AWS Certified Machine Learning - Specialty Exam: Troubleshooting Error in SageMaker Jupyter Notebook

AWS Certified Machine Learning - Specialty Exam: Troubleshooting Error

Question

You work for a large healthcare diagnostics company.

You are on the machine learning team responsible for predicting various anomalies in blood samples.

You have data samples from all of the corporation's many testing facilities across the country.

You have performed feature engineering and data cleaning on your dataset.

You have also written the python code to split your dataset into training and test datasets.
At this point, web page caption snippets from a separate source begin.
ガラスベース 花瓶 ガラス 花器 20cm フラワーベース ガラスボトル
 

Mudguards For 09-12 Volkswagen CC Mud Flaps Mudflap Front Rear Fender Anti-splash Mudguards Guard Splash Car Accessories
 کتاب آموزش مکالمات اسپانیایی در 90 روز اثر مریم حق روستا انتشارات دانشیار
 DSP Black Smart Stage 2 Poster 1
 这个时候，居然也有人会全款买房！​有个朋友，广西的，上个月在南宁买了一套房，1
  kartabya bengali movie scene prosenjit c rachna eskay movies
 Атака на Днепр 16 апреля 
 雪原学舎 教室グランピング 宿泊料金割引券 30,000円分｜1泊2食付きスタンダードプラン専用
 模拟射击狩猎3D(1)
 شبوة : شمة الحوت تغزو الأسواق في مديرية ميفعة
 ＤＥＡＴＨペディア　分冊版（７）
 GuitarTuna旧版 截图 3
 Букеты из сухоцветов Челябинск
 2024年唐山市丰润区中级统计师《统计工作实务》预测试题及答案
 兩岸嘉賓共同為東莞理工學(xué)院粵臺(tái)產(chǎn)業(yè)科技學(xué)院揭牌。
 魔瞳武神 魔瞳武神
You are now ready to train your model for the first time. You have written the following python code in your SageMaker jupyter notebook: import sagemaker from sagemaker.amazon.amazon_estimator import get_image_uri from sagemaker import get_execution_role container = get_image_uri(boto3.Session().region_name, 'xgboost') role = get_execution_role() s3_train = 's3://{}/{}/{}'.format(bucket, prefix, 'train') s3_validation = 's3://{}/{}/{}'.format(bucket, prefix, 'validation') s3_output = 's3://{}/{}/{}'.format(bucket, prefix, xgb_output) xgb_model = sagemaker.estimator.Estimator(container, role, train_instance_count=1, train_instance_type='ml.m4.xlarge', train_volume_size = 5, output_path=s3_output, sagemaker_session=sagemaker.Session()) xgb_model.set_hyperparameters(max_depth = 2, eta = 2, gamma = 2, min_child_weight = 2, silent = 0, objective = "multi:softmax", num_class = 10, num_round = 10) train_channel = sagemaker.session.s3_input(s3_train, content_type='text/csv') valid_channel = sagemaker.session.s3_input(s3_validation, content_type='text/csv') data_channels = {'train': train_channel, 'validation': valid_channel} xgb_model.fit(inputs=data_channels,logs=True) When you attempt to run this code in your SageMaker jupyter notebook, it fails.

You check the CloudWatch logs and find this error message: AlgorithmError: u'2' is not valid under any of the given schemas\n\nFailed validating u'oneOf' in schema[u'properties'][u'feature_dim']:\n{u'oneOf': [{u'pattern': u'^([0]\.[0-9])$', u'type': u'string'},\n{u'minimum': 0, u'type': u'integer'}]}\ What is the cause of your error?

Answers

Explanations

Click on the arrows to vote for the correct answer

A. B. C. D.

Answer: B.

Option A is incorrect.

If you had specified an invalid hyperparameter, you would get an error such as:

ERROR 139623806805824 train.py:48]

Additional properties are not allowed (u'min_child_weigh' was.

unexpected)

Option B is correct.

You specified the value of 2 for the eta hyperparameter, but the valid range for this hyperparameter for the XGBoost algorithm is float range: [0,1]

Option C is incorrect.

The valid content types for the XGBoost algorithm are text/libsvm (default) or text/csv.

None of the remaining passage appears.